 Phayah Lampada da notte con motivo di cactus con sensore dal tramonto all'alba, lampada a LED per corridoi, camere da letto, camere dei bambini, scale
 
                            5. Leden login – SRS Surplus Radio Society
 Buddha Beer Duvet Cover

--

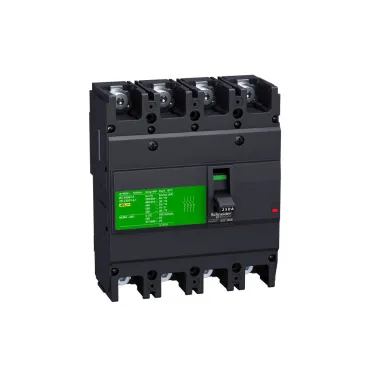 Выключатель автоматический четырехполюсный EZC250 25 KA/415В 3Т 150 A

#### Exercise aim
Everything from the line with "Phayah Lampada da" through the line with "Buddha Beer Duvet Cover" should be written out exactly as it appears above, end lines included, and nothing outside that range.

#### Response area
 Phayah Lampada da notte con motivo di cactus con sensore dal tramonto all'alba, lampada a LED per corridoi, camere da letto, camere dei bambini, scale
 
                            5. Leden login – SRS Surplus Radio Society
 Buddha Beer Duvet Cover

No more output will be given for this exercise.